Vital Statistics:
Last | Change | |
S&P futures | 3555 | 22.6 |
Oil (WTI) | 40.83 | 0.41 |
10 year government bond yield | 0.88% | |
30 year fixed rate mortgage | 2.9% |
Stocks are higher this morning despite a rise in COVID cases. Bonds and MBS are up.
Inflation remains muted at the wholesale level, with the producer price index up 0.3% MOM and 0.5% YOY. Even if you strip out the commodity and trade-related components it only rose 0.2% MOM and 0.8% YOY.
The bond market is starting to claw back some of its vaccine-related losses. The trader in me doesn’t sense that the path of least resistance has changed from lower rates to higher rates, at least not yet. The last time the Fed had rates at 0%, the 10 year was trading at 1.5% – 2%, so it won’t necessarily take a rate hike to get them back up to those levels. If the 10-year bond yield has indeed bottomed out, that would mark the end of the Great 40-year bond bull market in the US, which began in the early 80s as Paul Volcker broke the back of 1970s inflation. The last bond bear market lasted from sometime in the 1930s until 1980. Interest rate cycles are long. The first rule of bubbles is that they go on further and longer than you would ever expect.

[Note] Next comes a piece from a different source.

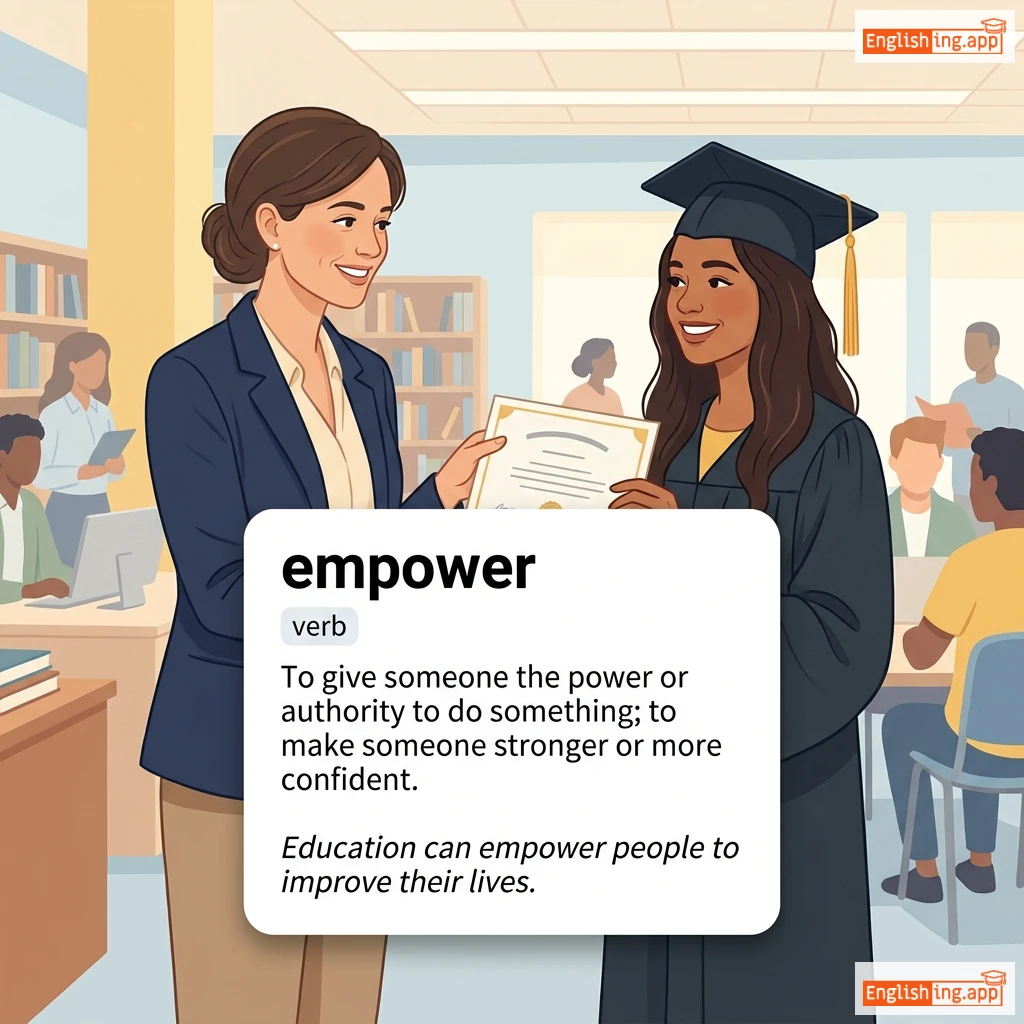 empower definition card — visual illustration of the meaning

Mortgage Credit eased in October, according to the MBA’s Mortgage Credit Availability Index. “Credit availability increased in October for the first time since July,” said Joel Kan, MBA Associate Vice President of Economic and Industry Forecasting. “The ongoing economic recovery and improving labor market led to a rise in credit supply for various loan types. There was an overall increase in credit availability for low credit score and higher LTV loans, with conventional credit supply increasing 5.1 percent and government credit staying essentially flat.” That said, we still have a long way to go to get back to pre-COVID-19 levels.